VZFIT offers a two-week free trial with the purchase of an annual subscription (C$89.99/year) and a 7-day free trial with the purchase of a monthly subscription (C$13.99/month).
The FitXR app, meanwhile, is available at a more affordable cost, either $11.99/month or $108.99/year, and allows you to play in multiplayer mode to participate in friendly competitions or take on team challenges. His specialty: boxing, HIIT (High Intensity Interval Training) and dance. The platform is more modest, but offers 7 new workouts every week and a one-week free trial period. For those who want to test their dedication to virtual reality training without sacrificing content quality, FitXR is a great option!

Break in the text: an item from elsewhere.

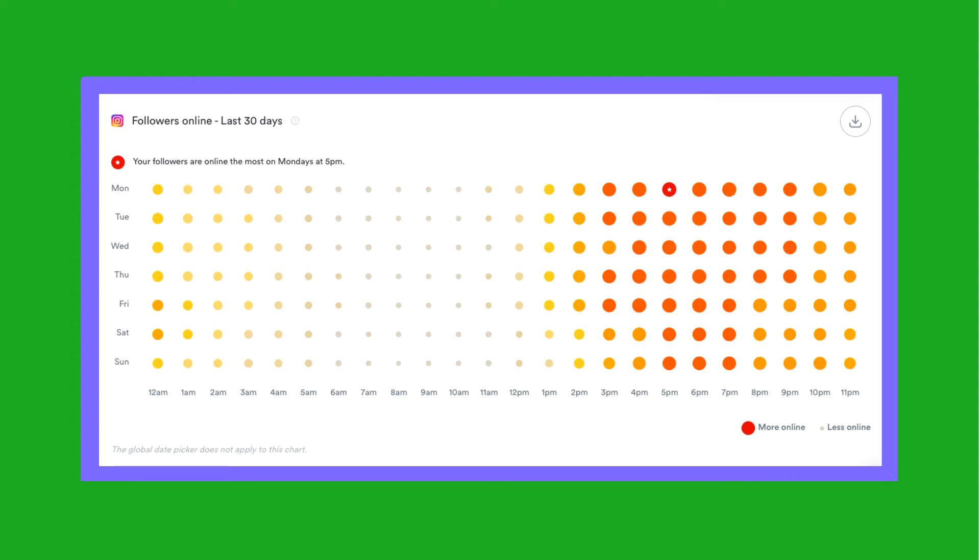This will give you some clear indication of when to post in order to get a boost in engagement from your own followers in those crucial moments after your media has been posted.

Games specifically created for training are, like gym memberships, suggested to an audience over 16 years old. The cost of the subscription and the theme of body image make them games suitable for a mature audience.***
Personal recommendations and verdict
After testing many apps and games, the verdict is simple: there are options for every taste, budget, and level. Being myself a sedentary person looking for stimulating and fun physical activity, rhythm, shooting and fighting games fully satisfy my need to move. The data obtained through the Oculus Move app assures me that 20 minutes of playing Beat Saber at an intermediate level allows me to burn the same number of calories as about 10 minutes on an elliptical trainer (this data can of course vary depending on your own level of physical activity). Still, I find it much easier to spend hours playing in virtual reality than to spend hours at the gym. You will tell me that it probably makes sense. Sweat, however, is very real!
For seasoned athletes, a subscription to Supernatural or FitXR would be a good replacement for any cardio or aerobic exercise practiced in the gym. I strongly suggest you take advantage of the weeks of free trial in order to find the application that suits you best, according to your favorite activities.
Unfortunately, fans of crossfit, yoga, weightlifting or modern dance may find that the virtual reality system does not meet their needs at the moment. Virtual reality is, for now, quite limited to cardio and light calisthenics exercises practiced standing or sitting on a chair. Let’s hope that the variety will be at the rendezvous with the next console, planned by Meta in 2023.